Spam sorting (was Re: Install assistance needed in Berkeley area)
Sean 'Shaleh' Perry
shaleh@speakeasy.net
Fri, 2 Jan 2004 16:33:55 -0800
On Friday 02 January 2004 12:07, Tim Freeman wrote:
> From: Nick Moffitt <nick@zork.net>
>
> > You ought to consider using something else, like a bayesian
> >filter. I get 25 megabytes of spam a day, and I only ever have to
> >read one or two a month.
>
> I use bogofilter and I would not get results that good with just
> bogofilter. I'd like to figure out what we're doing different. Here
> are some alternatives I can see:
>
> 1. Is there a bayesian filter noticeably better than bogofilter? I
> ran some head-to-head tests a while ago before selecting
> bogofilter. I hear spambayes (sp?) is good, but I don't see a
> Debian package for it.
I use spambayes, it is a good filter. However, it has some serious drawbacks:
1) it is single user. This is the biggest reason there is no package for it I
bet.
2) the training gets slow very quickly. Not sure what the culprit is here, I
doubt being written in Python has anything to do with it. Probably has to do
with how they store the information.
> 2. Do you let it automatically train on the spams and non-spams as it
> sorts them, or do you only do manual training? I only do manual
> training because I don't want bogofilter to develop
> self-reinforcing bad habits of dumping my good emails in the spam pile.

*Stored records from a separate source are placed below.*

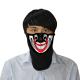 Wholesale Halloween Party Costume Cosplay Props Masks LED Rave Face Mask Flashing Light Up EL Mask Hot Sales Music-Activ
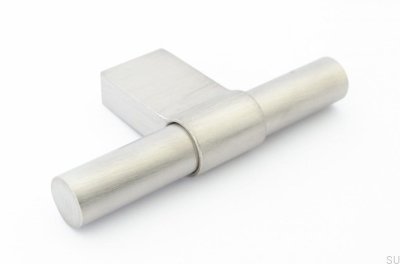 Мебельная ручка T-Bar Line Big 12, матовая сталь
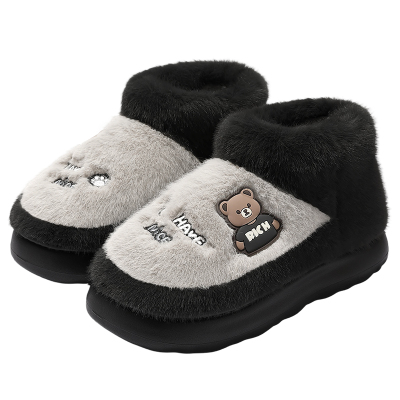 高帮毛绒棉拖鞋男款2025新款棉鞋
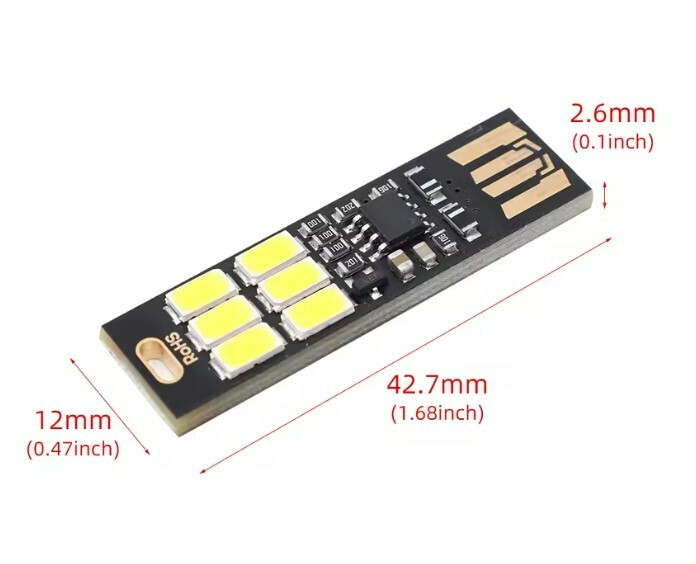 ماژول لامپ LED لمسی دیمر دار USB سفید
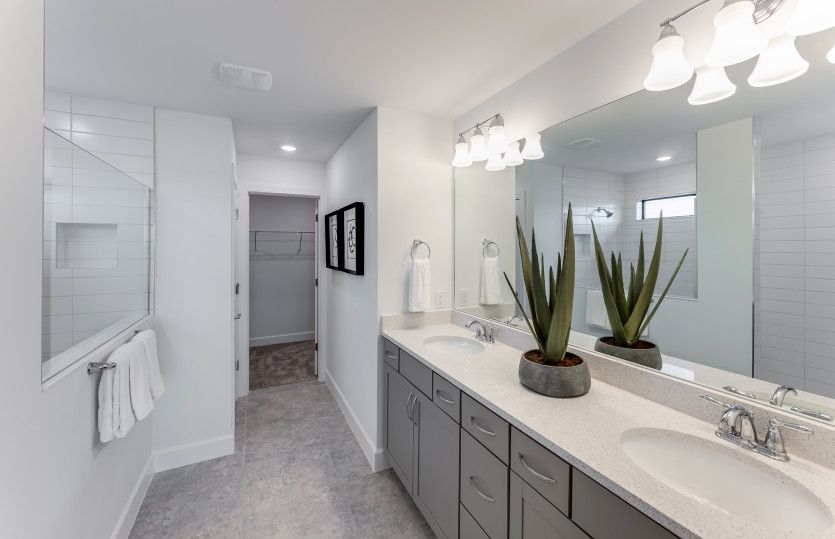Owner's Bathroom with Double Sink Vanity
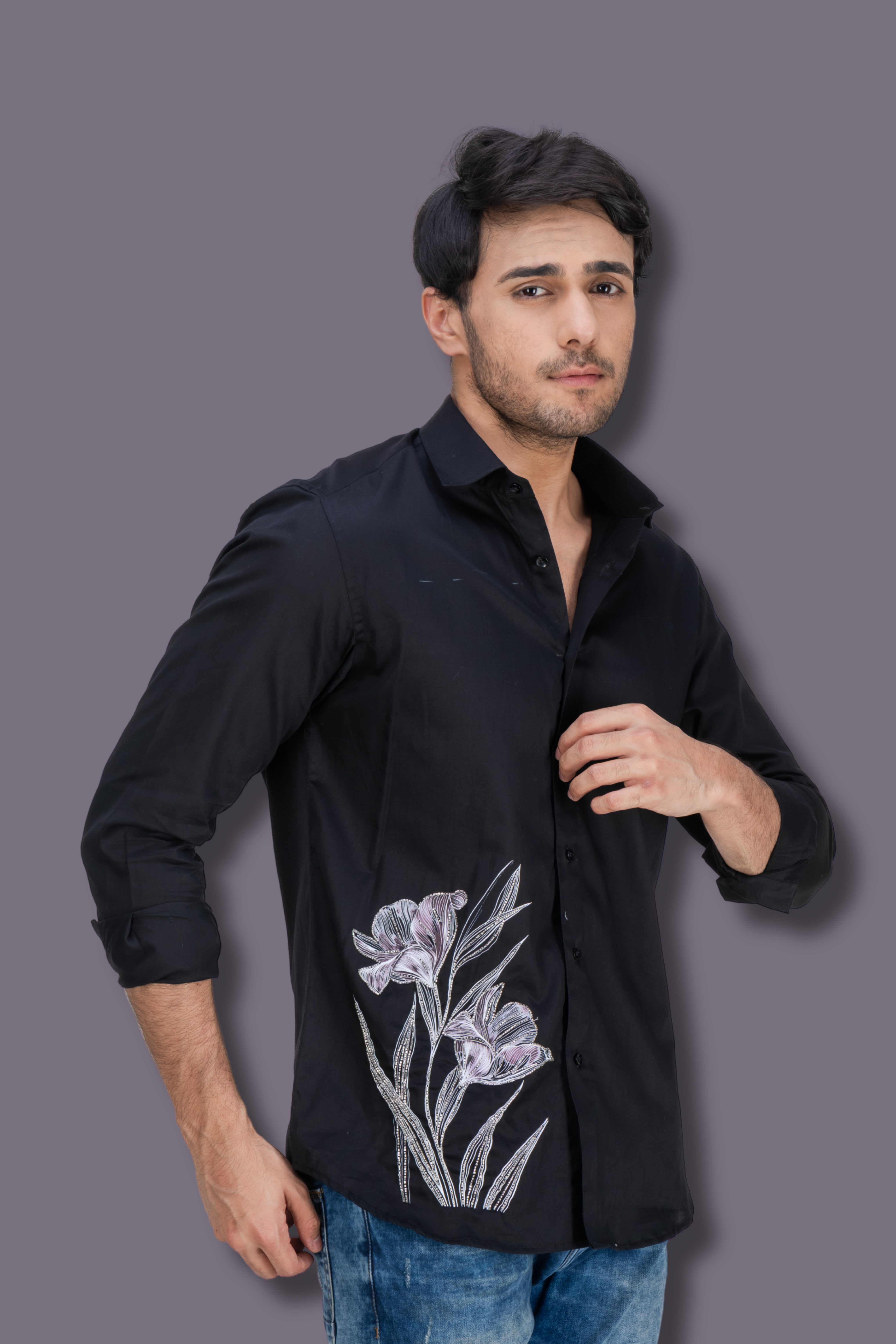 Black Handworked Shirt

I trained it with my ham and spam. Then I train it now and then on anything
that fails. spambayes also supports an 'unsure' bin. I never pull ham out
of the spam bin but there are occasional items that end up in unsure. Mostly
newsletters and the like. In particular I can not convince it that the EFF's
newsletter is ham.
> 3. Do you include all the emails you can in the training set? My
> training set has equal numbers of spams and good emails, and if
> there aren't enough spams I train it with fewer good emails.
The spambayes people recommend twice as many ham as you have spam.